Trois ultimatums, la concentration des troupes allemandes, l'entrée de leurs premières unités en territoire autrichien, la menace de l'aviation du général Gœring ont contraint, au terme d'une journée tragique, le président Miklas et le chancelier Schuschnigg à l'une des plus affreuses capitulations de l'Histoire [...].
Paris et Londres payent cher — moins cher pourtant que la malheureuse Autriche — cinq ans de lâcheté et de complicité honteuse avec les dictatures totalitaires. »
Le quotidien de la droite catholique La Croix, lui aussi, insiste sur les atermoiements de la France et de l'Angleterre, incapables de mettre un frein aux ambitions de l'Allemagne nazie :
« M. Hitler a choisi l’heure favorable pour passer à l’action. Les perplexités où se débat la politique de l’Angleterre, qui va pouvoir se demander si, en fait, M. Eden n’avait pas raison ; une crise ministérielle stupide dans une France affaiblie par les conflits sociaux et de partis, ont fourni au Führer toutes les opportunités désirables d’agir impunément [...].

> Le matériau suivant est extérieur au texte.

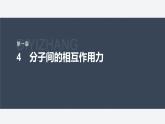 第一章 4　分子间的相互作用力--教科版高中物理选择性必修第三册同步课件+讲义+专练（新教材）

Un national-socialiste allemand, définissant dans un livre assez récent les ressorts de la politique hitlérienne, explique qu’elle a sans cesse tablé, avec quelque appréhension d’abord, puis hardiment après les premiers succès, sur l'indifférence ou l’irrésolution de l’Angleterre et sur le manque de réaction et le laisser-faire qui ont caractérisé la politique française depuis que s’est close l’ère Poincaré. »

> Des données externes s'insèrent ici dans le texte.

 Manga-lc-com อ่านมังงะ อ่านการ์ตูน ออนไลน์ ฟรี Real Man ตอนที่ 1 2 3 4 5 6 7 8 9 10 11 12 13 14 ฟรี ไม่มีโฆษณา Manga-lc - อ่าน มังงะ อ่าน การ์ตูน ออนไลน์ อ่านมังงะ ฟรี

Tandis que dans L’Ouest-Éclair, l'éditorialiste Paul Simon appelle à un réveil de la France face à la menace hitlérienne :
« Si, par un sursaut de toute la nation, nous leur montrions qu'ils se sont trompés sur notre compte et qu'il n'est point entre Français de fossés qu'on ne puisse combler en un jour de péril, le pire pourrait être évité.
Il faut que toutes les classes qui composent la Patrie prennent conscience de l'étroite solidarité qui les unit : classes moyennes, classes possédantes, classes laborieuses, ruraux et citadins, ouvriers et patrons, employés et fonctionnaires, tous sont également menacés par l'orage qui s'accumule. Tous doivent faire au salut commun les sacrifices qui s'imposent. »
Le Royaume-Uni condamnera l'annexion mais adoptera une politique d'apaisement vis-à-vis d'Hitler (« Ce n'est pas le moment de prendre des décisions hâtives ou de prononcer des mots imprudents », dira le Premier Ministre Chamberlain le 14 mars à la Chambre des communes).
La France, de son côté est, au moment de l'Anschluss, en pleine crise ministérielle : la Chambre des députés vient de renverser le gouvernement, remplacé par une coalition intérimaire. Il n'y a donc pas de réaction officielle ce jour-là.
Les journaux annoncent toutefois le 13 mars que Léon Blum s'efforce de constituer « un gouvernement de Rassemblement National autour du Front populaire en vue d'empêcher la guerre et de protéger les institutions républicaines ». Il y parviendra dans la journée, mais ce cabinet ne durera que 26 jours.
L'annexion reçut l'approbation d'une très large majorité de la population autrichienne : consultée lors d'un plébiscite organisé par les nazis le mois suivant, elle vota « oui » à 99%. Les historiens estiment que le vote, bien que ni libre, ni secret, ne fut pas truqué. Dès 1933, les conservateurs autrichiens avaient ouvert la voie au nazisme, écrasant dans le sang le soulèvement des sociaux-démocrates et instaurant un régime de parti unique en 1934.
L'Anschluss eut pour conséquence la nazification du pays, et l'exil de 120 000 Autrichiens juifs. On estime à 65 000 le nombre de Juifs restés sur place morts en déportation.